§ **AVAILABLE DATA**
--- START ---

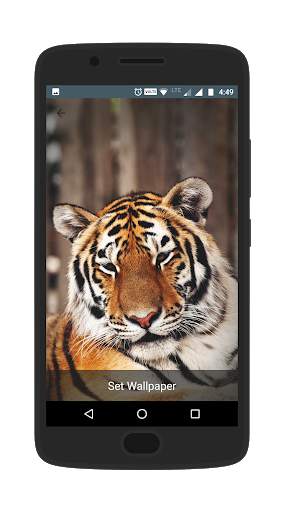 Wally - The Wallpaper App скриншот 3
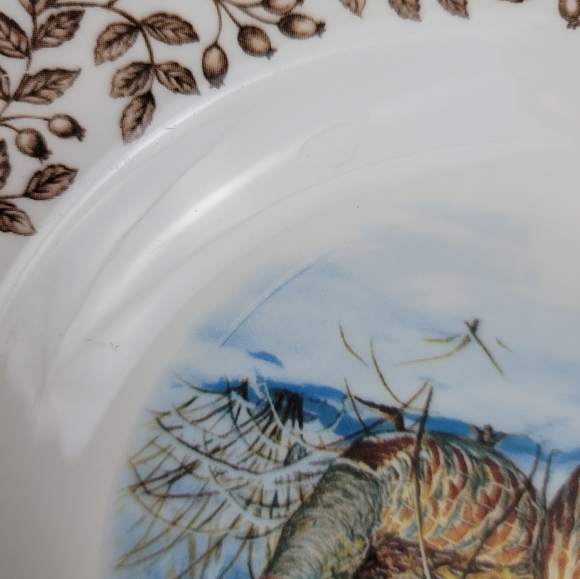 (2) WILD BIRDS Porcelain Soup Bowls - Picture 7 of 12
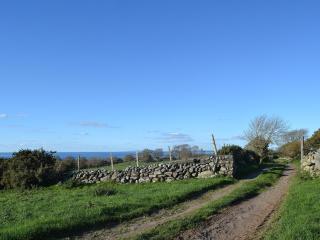Eithinog Ganol - Llandwrog - 3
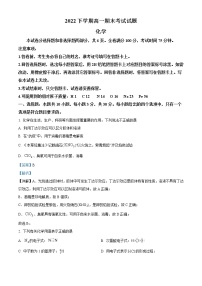 2022-2023学年湖南省宁乡市高一上学期期末联考考试化学试题（解析版）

--- END ---

§ **EXERCISE**
Lines from the one that contains "(2) WILD BIRDS" to the final line of the material are the whole answer. Reproduce them word for word and skip the pictures.

§ **RESPONSE BELOW**
 (2) WILD BIRDS Porcelain Soup Bowls - Picture 7 of 12
Eithinog Ganol - Llandwrog - 3
 2022-2023学年湖南省宁乡市高一上学期期末联考考试化学试题（解析版）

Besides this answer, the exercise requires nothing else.